Data shown:
━━━━━━━━━━

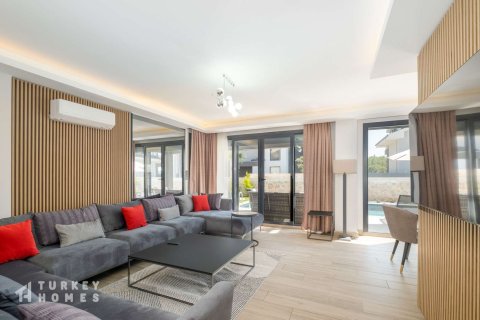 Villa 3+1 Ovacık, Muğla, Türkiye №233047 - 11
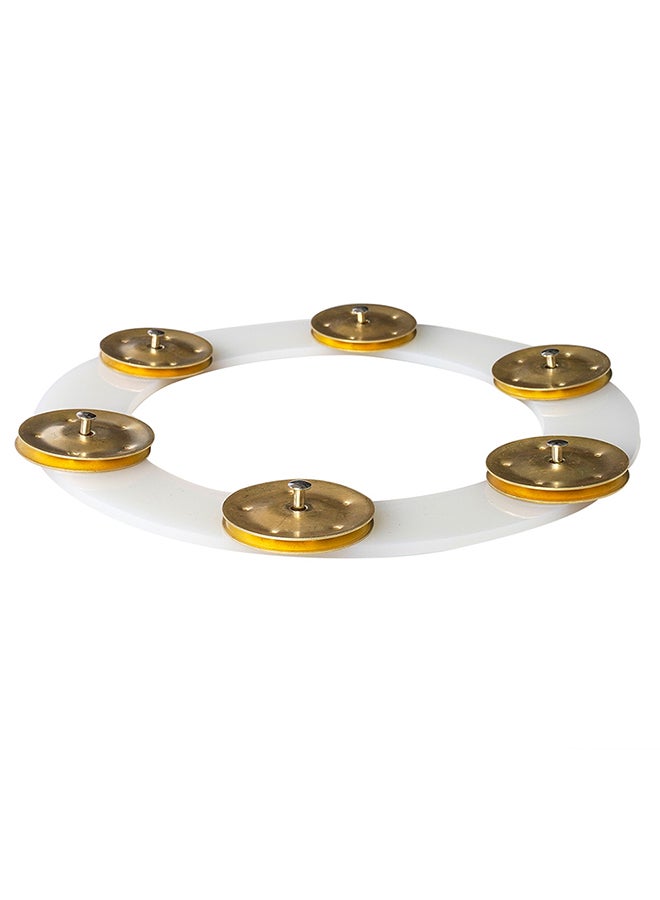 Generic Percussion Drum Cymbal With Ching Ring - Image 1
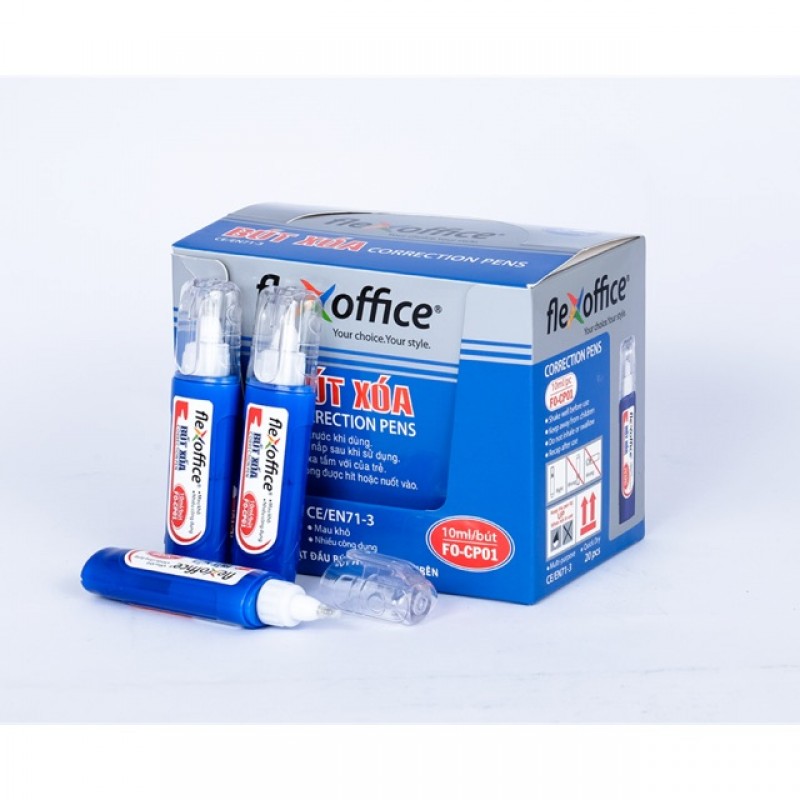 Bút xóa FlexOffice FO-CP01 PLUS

━━━━━━━━━━

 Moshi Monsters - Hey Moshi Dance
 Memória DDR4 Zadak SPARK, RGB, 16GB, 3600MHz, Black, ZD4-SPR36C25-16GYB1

━━━━━━━━━━

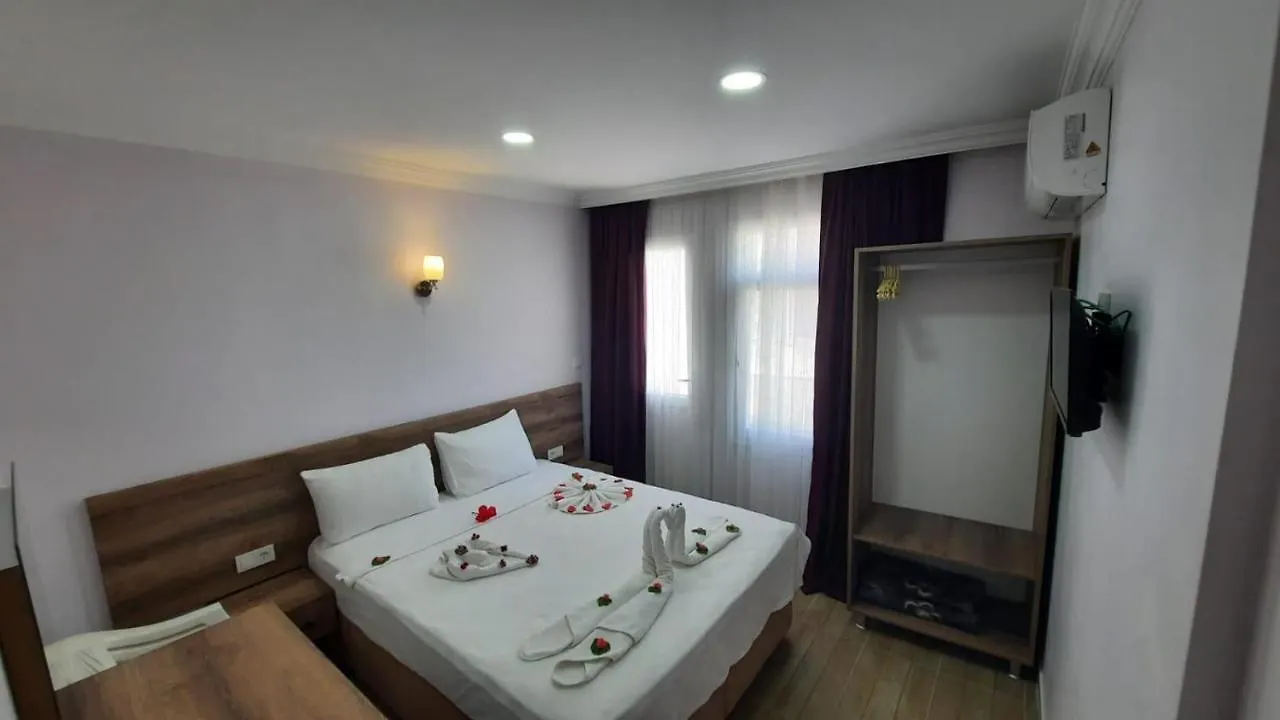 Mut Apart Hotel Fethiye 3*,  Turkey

━━━━━━━━━━

What you are asked to do: Return the material from the line containing "Generic Percussion Drum" through the line containing "Bút xóa FlexOffice FO-CP01 PLUS", exactly and in full, but without its pictures.

Exercise answer:
 Generic Percussion Drum Cymbal With Ching Ring - Image 1
 Bút xóa FlexOffice FO-CP01 PLUS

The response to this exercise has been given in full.